Aim of the exercise:
Here the job is to repeat the listing exactly, but not the pictures in it.

(Supplied material Opens)

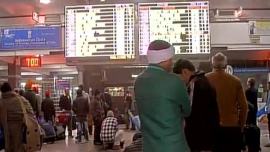 Trains and flights continue to see delays due to the foggy weather condition in north India. On Saturday, two flights at the airport were canceled, while several trains reported delays in the Ambala division of the Northern railway. Railway officials said while all the Shatabdi trains operating between Chandigarh to Delhi arrived and departed on time, several other trains in the division were delayed due to the foggy weather. One Chandigarh-bound train was also delayed due to the fog. At Chandigarh International Airport, two flights were canceled and airport officials said that all the flights operated normally “with some delay”. The delayed flights were of Jet Airways and IndiGo. Both flights were delayed by around one hour.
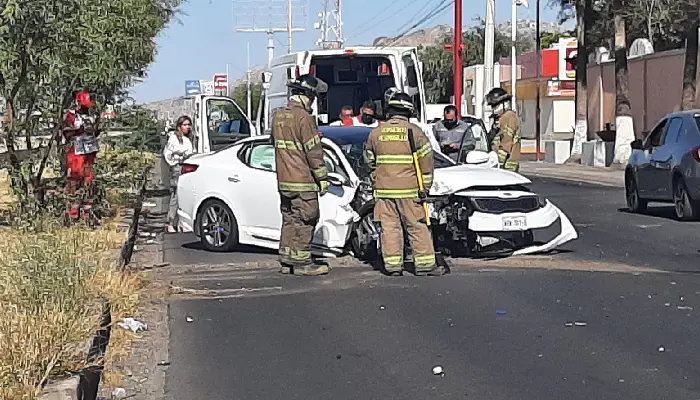 Quedan atrapados en vehículo tras accidente sobre el Vado del Río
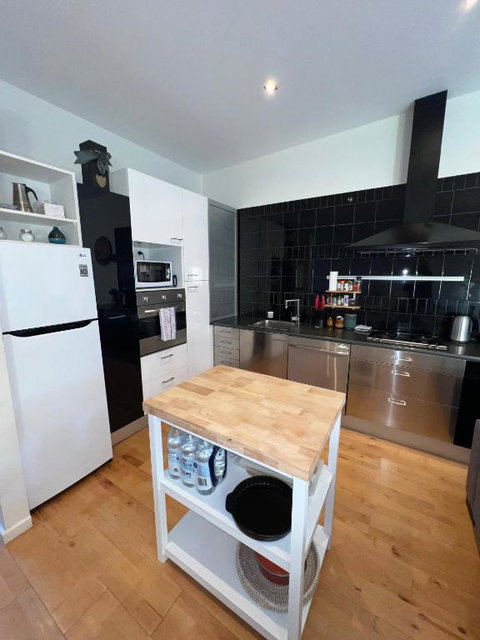Ascot Vale - Lovely 2 Bedroom Townhouse Close To Everything! - Accommodation in Surfers Paradise 2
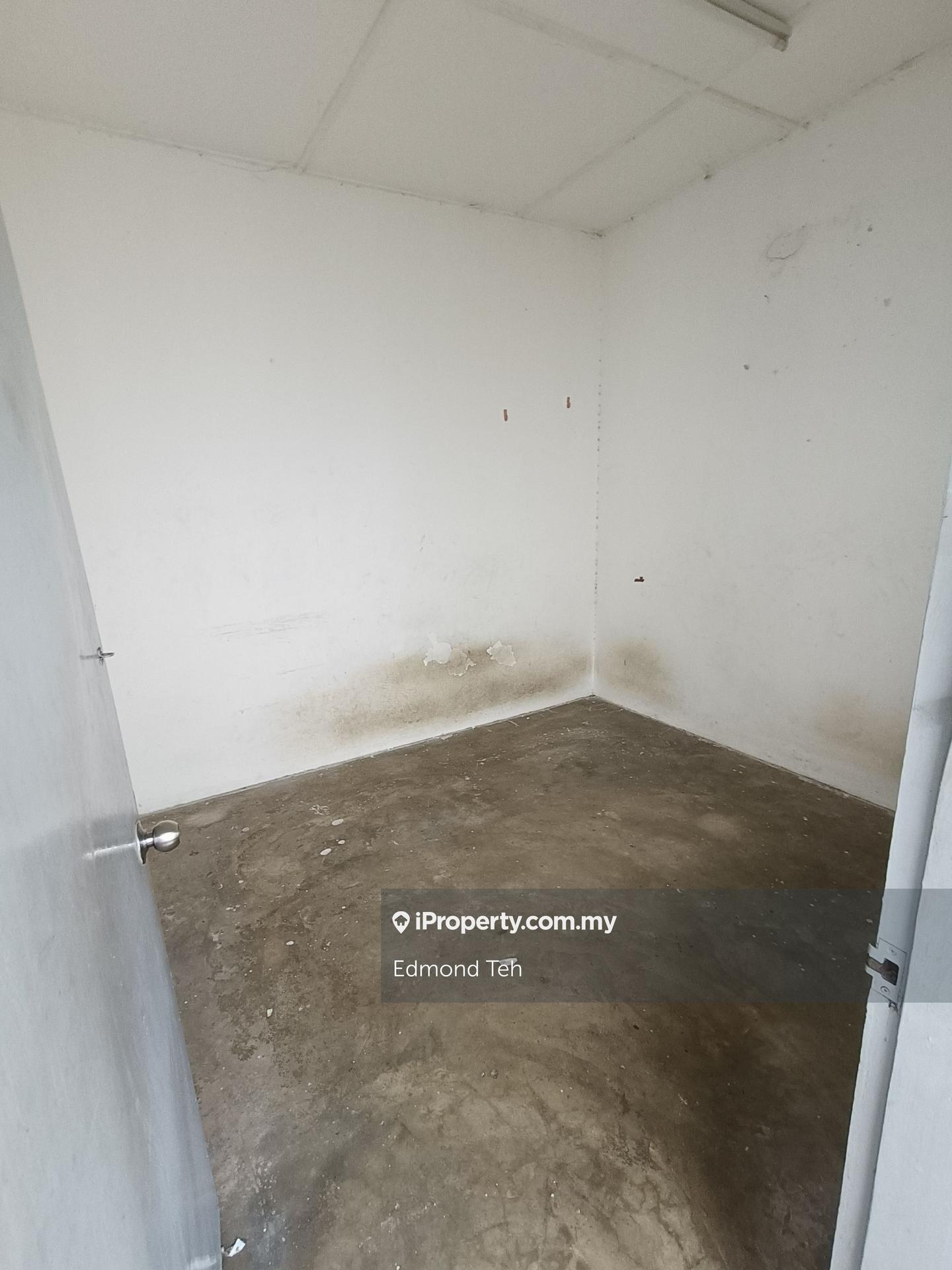 Shop for Sale in Taman Bukit Mewah, Kajang by Edmond Teh - iProperty.com.my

(Supplied material Closes)

Result of this exercise:
 Trains and flights continue to see delays due to the foggy weather condition in north India. On Saturday, two flights at the airport were canceled, while several trains reported delays in the Ambala division of the Northern railway. Railway officials said while all the Shatabdi trains operating between Chandigarh to Delhi arrived and departed on time, several other trains in the division were delayed due to the foggy weather. One Chandigarh-bound train was also delayed due to the fog. At Chandigarh International Airport, two flights were canceled and airport officials said that all the flights operated normally “with some delay”. The delayed flights were of Jet Airways and IndiGo. Both flights were delayed by around one hour.
 Quedan atrapados en vehículo tras accidente sobre el Vado del Río
Ascot Vale - Lovely 2 Bedroom Townhouse Close To Everything! - Accommodation in Surfers Paradise 2
 Shop for Sale in Taman Bukit Mewah, Kajang by Edmond Teh - iProperty.com.my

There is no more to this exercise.